Engagingly friendly in an American-geek-ish kind of way, the three musicians that make up the band are all clearly massively technically proficient. They deploy their expertise on drums, guitar, bass, various bits of electronic equipment and vocals to produce a confusing, yet really quite engrossing, blur of sounds, music and noise.
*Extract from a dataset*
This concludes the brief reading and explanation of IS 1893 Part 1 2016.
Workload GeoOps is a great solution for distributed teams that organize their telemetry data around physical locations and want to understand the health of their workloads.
Set opener ‘Fairy Tale’ starts off all gentle falsetto vocals, then suddenly – wallop! – a wave of crashing noise hits, mixing time signatures and indecipherable lyrics to create a crazy yet somehow coherent incoherence.
The singer has a strange sort of fey swagger about him (coupled with a WWII fighter pilot moustache), and a voice which veers from the soulful and quite moving – as on their own take of the Otis Reading song ‘I’ve Been Loving You Too Long (To Stop Now)’ (alternatively billed as ‘Otis’ and ‘I’ve Bin Luvn U Since Dsrt Strm’ by the band) – to the florid and ostentatious (I could hear similarities to the peculiar singing style of matey from Wild Beasts on ‘Africa Just Wants To Have Fun’) to the gibbering, manic and incoherent delivery into which ‘Wait For You’ descends (having started out in a surprising, and quite pleasing, jaunty countrified style).
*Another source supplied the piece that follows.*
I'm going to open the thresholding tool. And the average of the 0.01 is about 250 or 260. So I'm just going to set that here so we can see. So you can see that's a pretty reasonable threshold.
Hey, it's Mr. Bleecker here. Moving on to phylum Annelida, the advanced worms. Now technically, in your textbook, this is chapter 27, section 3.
Each song that they do seems to change tack at least two or three times within itself, so the listener is never bored. Exhausted trying to keep up, at times, perhaps, but certainly not bored… Other interesting bits thrown into the mix included: the Missy Elliott ‘Get Cha Freak On’ bit in ‘Fire Fire’; the great effect produced by the (very talented) drummer scraping his stick slowly up and down his cymbals on ‘Wait For You’; the lovely chiming post-rock guitar sounds on the beginning bit of “old track” (from 2005, we were told) ‘Fire Fire’; the touches of afrobeat in the guitar playing (particularly noticeable on ‘Africa Just Wants To Have Fun’ and ‘Slow Jam’); and the lovely bits of xylophone dropped in to ‘Sweet Tooth’.
Half way through the set-closing ‘Otis’ track, they indicate the impending and by now anticipated style-switch by telling us “this is the part of the song, ladies and gentlemen, where we move right along to the next part of the song”. That this announcement could have been made in the middle of any one of the mixed-up, strung-out, fascinating songs that made up Volcano!’s set tonight is by no means a criticism. We left the pub that night ready to face a new working week with ringing ears and plenty of musical food for thought.